James Graham’s vocals have always been a vital part of the Twilight Sad, and it takes the lead on opener “Alphabet.” More important, however, is that the guitars work that made the band such a bombastic group is now being replaced by shades of electronics, at least in the foreground of this track. You can’t claim that this is a poor track, but the absence of the dynamics that flourished early in the band’s career really aren’t present on No One Can Ever Know. Still, with Graham’s prowess, it’s hard to dislike anything the band puts together. “Sick” almost feels like it’s utilizing some of the electronic playfulness we found on Kid A or Amnesiac, combining grooves, beats and strengthened vocals. Just one listen to the chorus and you’ll surely find yourself fawning over this number.
Even though it’s easy to see the differences from album one to album three, the band’s not completely lacking energy on this effort. In “Another Bed” you’ll find a pulsating rhythm brooding beneath the number, and melded with further electronic swaths that cut through the track.
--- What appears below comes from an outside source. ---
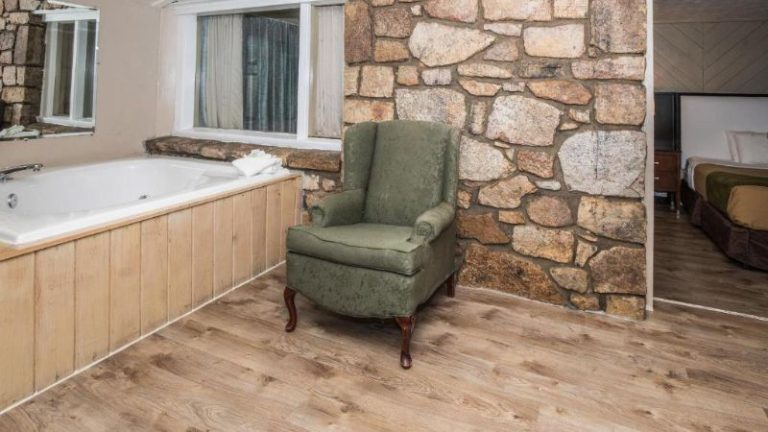 Chalet Inn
Similarly, “Don’t Move” uses the same stylistic accompaniment, although the pounding of the drums definitely provides hints of a darker force just waiting to explode on No One Can Ever Know. Yet, there’s something amiss, even as you see the band is aided by their craftsmanship. The whole of the record feels really sterile, and lacking a bit of passion, which drew me to the band long ago. “Kill It in the Morning” is perhaps the only track of the collection that really sees Graham pushing himself, and it doesn’t arrive until the end. But, you should definitely give it a listen as there’s hints of Trent Reznor in the production of the song; the ending where it drops off and you get Graham again is also a special moment. You just get the feeling that the band is capable of so much more.
For what it’s worth, No One Can Ever Know is an enjoyable listen, and one that brand new fans will surely appreciate. But, followers of The Twilight Sad might be a bit disheartened by the listen, as the group still seems like they’re trying to find their footing in the current musical landscape. I appreciate the dark quality musically and lyrically, but it’s placed too simply, lacking much of the force you know the band is capable of producing. Perhaps this is just a stepping stone to greater ambitions, and only time will tell. For now, we can be pleased, just not blown away.